_The data_
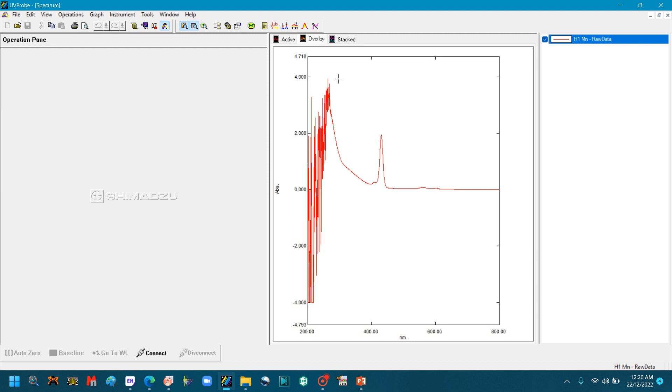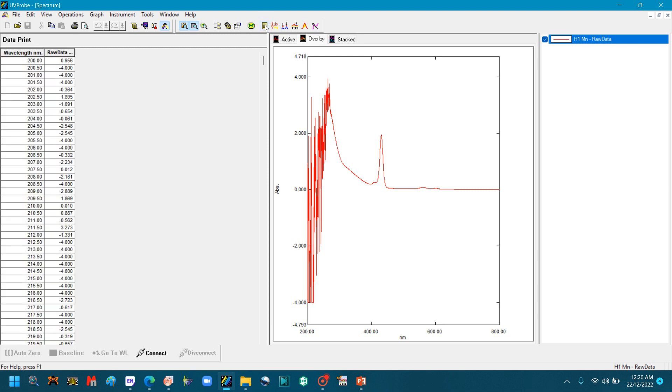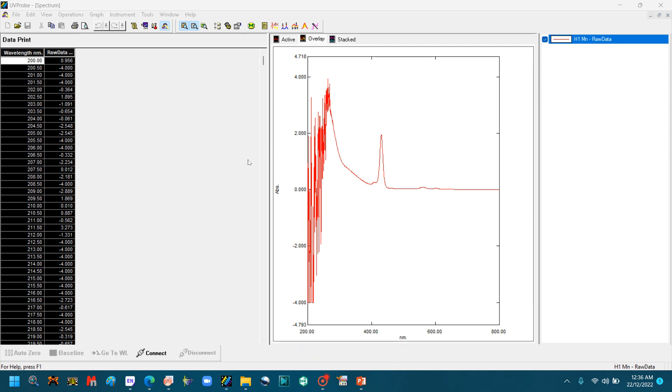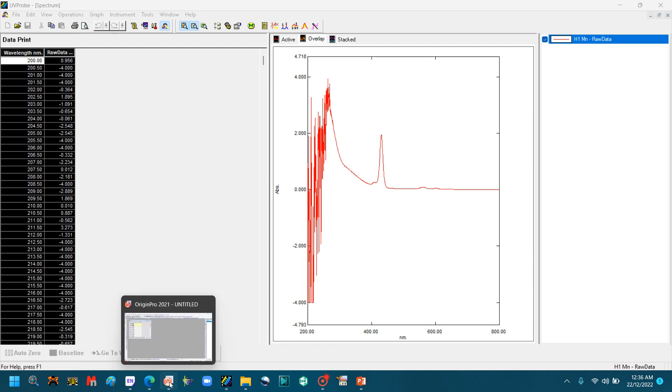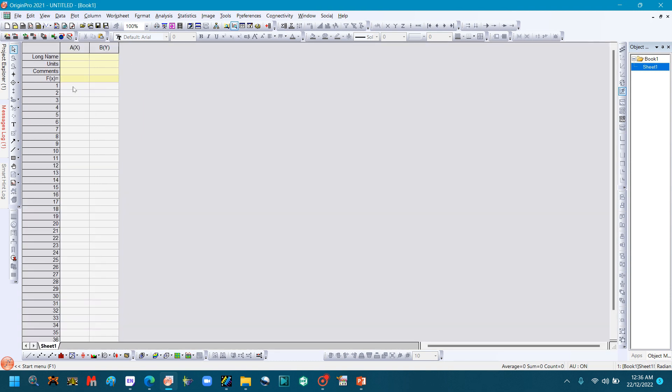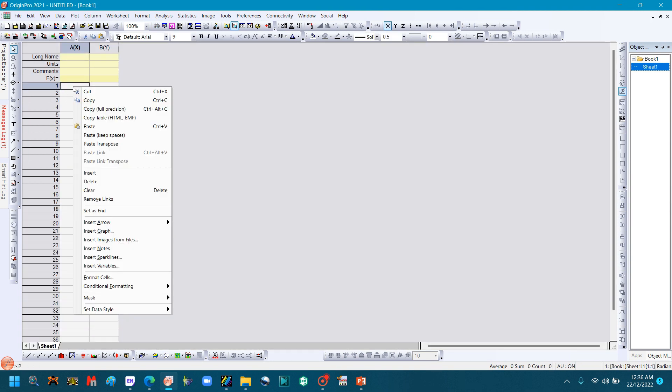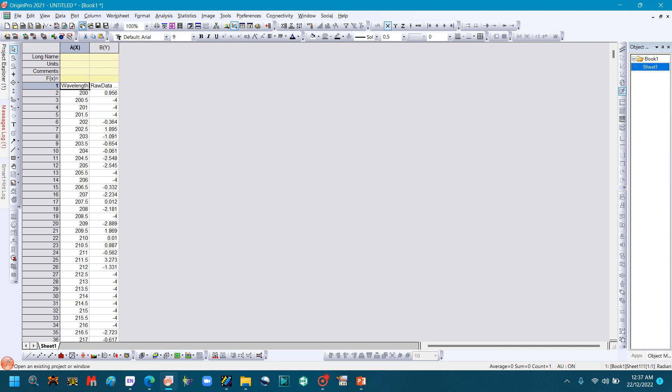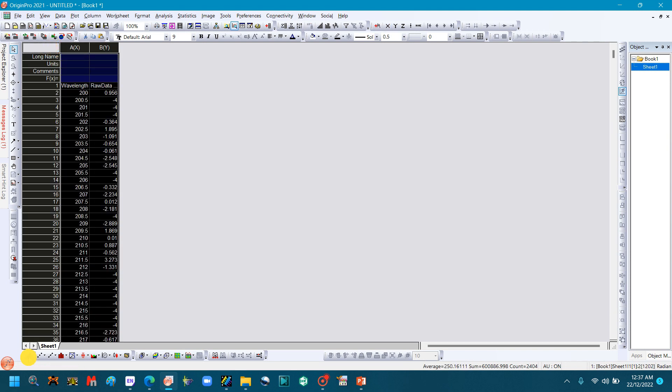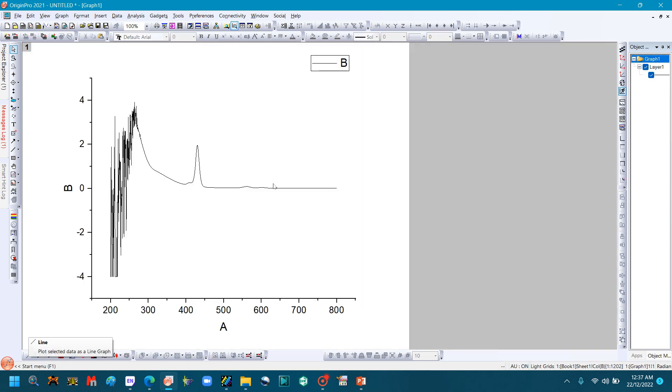You can see the file is open here. So we want its text file to draw a graph on the Origin software. We will open this text file by right-clicking. The log will be open. Click Select All, then right-click and click Copy. Now go to the Origin software, open it, paste the data here. Select both columns and plot the line graph.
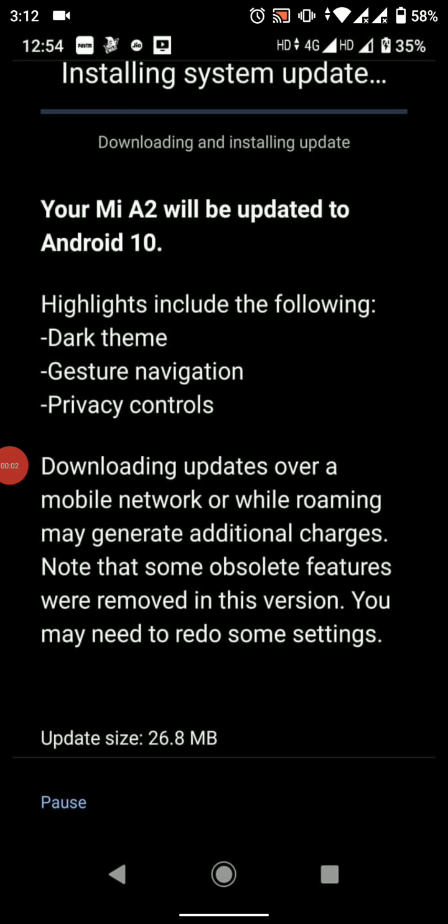Hey what's up guys, this is Fiamir. Welcome to a new video. In this video I'm going to talk about the MI A2 March update. As I'm a beta tester, I already got the update yesterday.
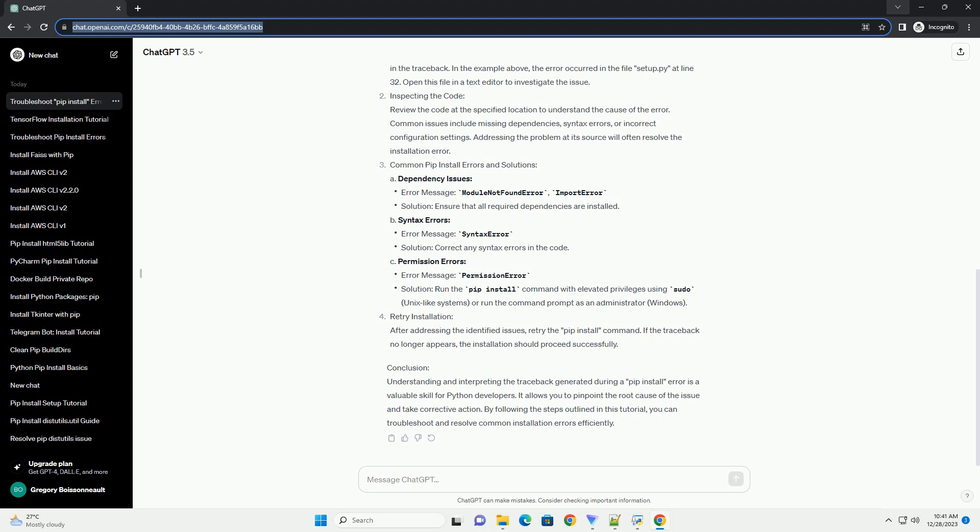After addressing the identified issues, retry the PIP install command. If the traceback no longer appears, the installation should proceed successfully.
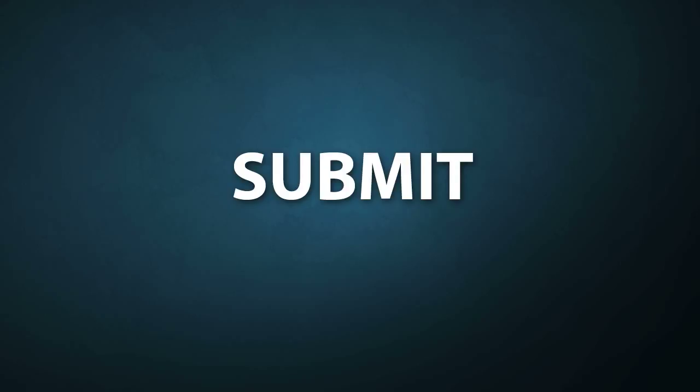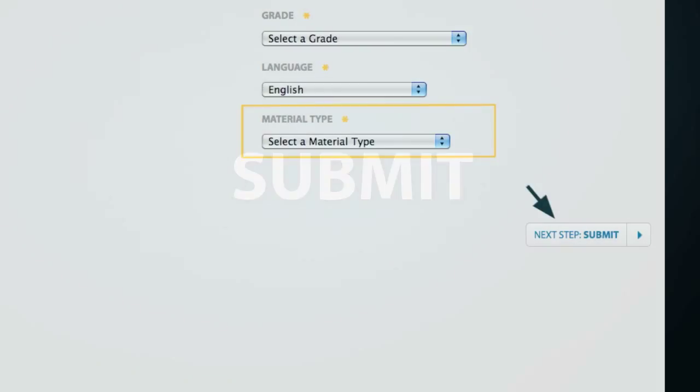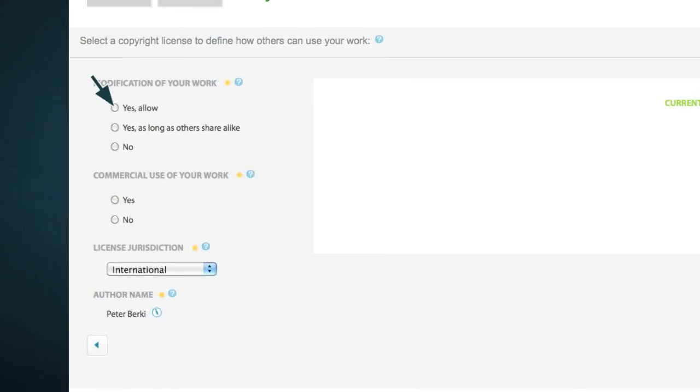Once you've finished describing your resource, you're ready for the final Step 3, Submit. Under Submit is where you'll license your work using a Creative Commons license. Simply answer two questions about how you'd like your work to be used. You can choose to allow others to modify your work by selecting Yes, Allow, Yes as long as others share alike, or No.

_Task prompt_
Using the material above, set down every line exactly, but skip the pictures.

_Response area_
You can see the file is open here. So we want its text file to draw a graph on the Origin software. We will open this text file by right-clicking. The log will be open. Click Select All, then right-click and click Copy. Now go to the Origin software, open it, paste the data here. Select both columns and plot the line graph.
Hey what's up guys, this is Fiamir. Welcome to a new video. In this video I'm going to talk about the MI A2 March update. As I'm a beta tester, I already got the update yesterday.
After addressing the identified issues, retry the PIP install command. If the traceback no longer appears, the installation should proceed successfully.
Once you've finished describing your resource, you're ready for the final Step 3, Submit. Under Submit is where you'll license your work using a Creative Commons license. Simply answer two questions about how you'd like your work to be used. You can choose to allow others to modify your work by selecting Yes, Allow, Yes as long as others share alike, or No.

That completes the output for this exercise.